(Information begins)

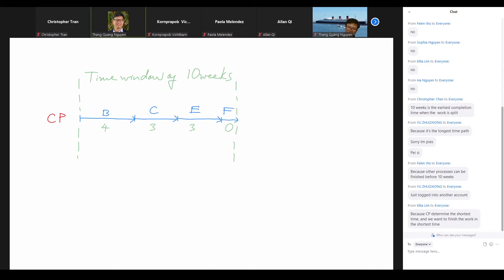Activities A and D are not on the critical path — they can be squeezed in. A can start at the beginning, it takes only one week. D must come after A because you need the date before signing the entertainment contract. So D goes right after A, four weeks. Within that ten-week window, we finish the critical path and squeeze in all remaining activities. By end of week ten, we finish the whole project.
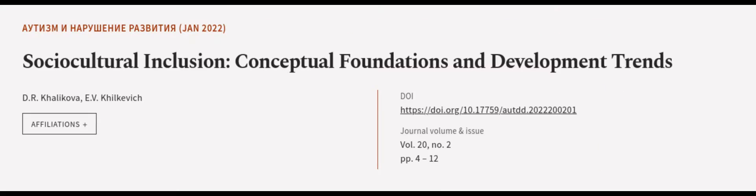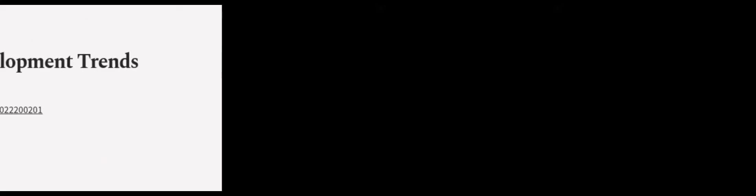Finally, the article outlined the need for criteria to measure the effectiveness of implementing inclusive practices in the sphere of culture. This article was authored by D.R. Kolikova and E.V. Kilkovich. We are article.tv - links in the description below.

(Information ends)
(Information begins)

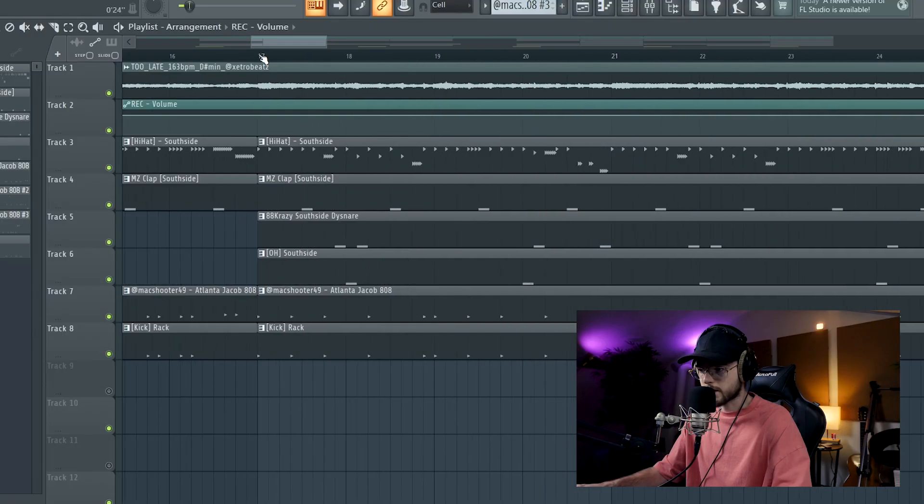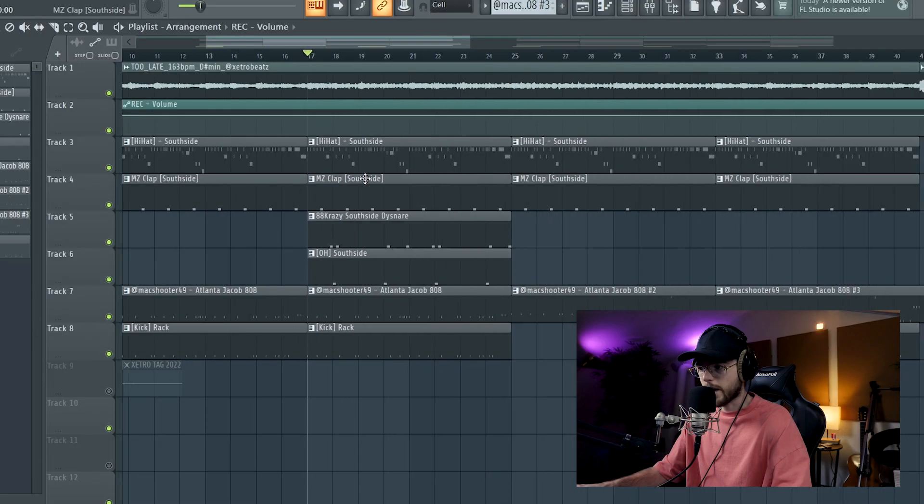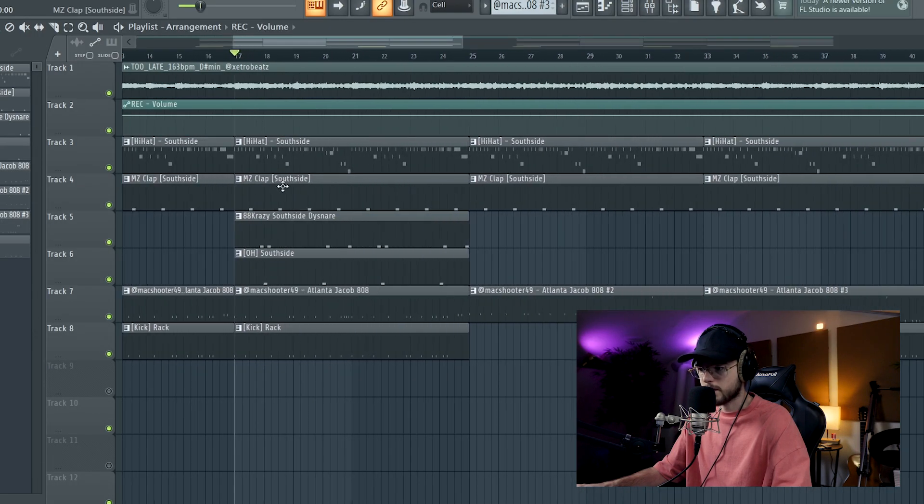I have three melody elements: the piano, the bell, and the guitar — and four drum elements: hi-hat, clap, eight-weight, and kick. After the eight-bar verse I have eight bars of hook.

(Information ends)

(Problem description):
Leaving out the pictures, please output the lines in the entries above from the one with "Activities A and" through the one with "Finally, the article", exactly as they are.

(Response to this exercise):
Activities A and D are not on the critical path — they can be squeezed in. A can start at the beginning, it takes only one week. D must come after A because you need the date before signing the entertainment contract. So D goes right after A, four weeks. Within that ten-week window, we finish the critical path and squeeze in all remaining activities. By end of week ten, we finish the whole project.
Finally, the article outlined the need for criteria to measure the effectiveness of implementing inclusive practices in the sphere of culture. This article was authored by D.R. Kolikova and E.V. Kilkovich. We are article.tv - links in the description below.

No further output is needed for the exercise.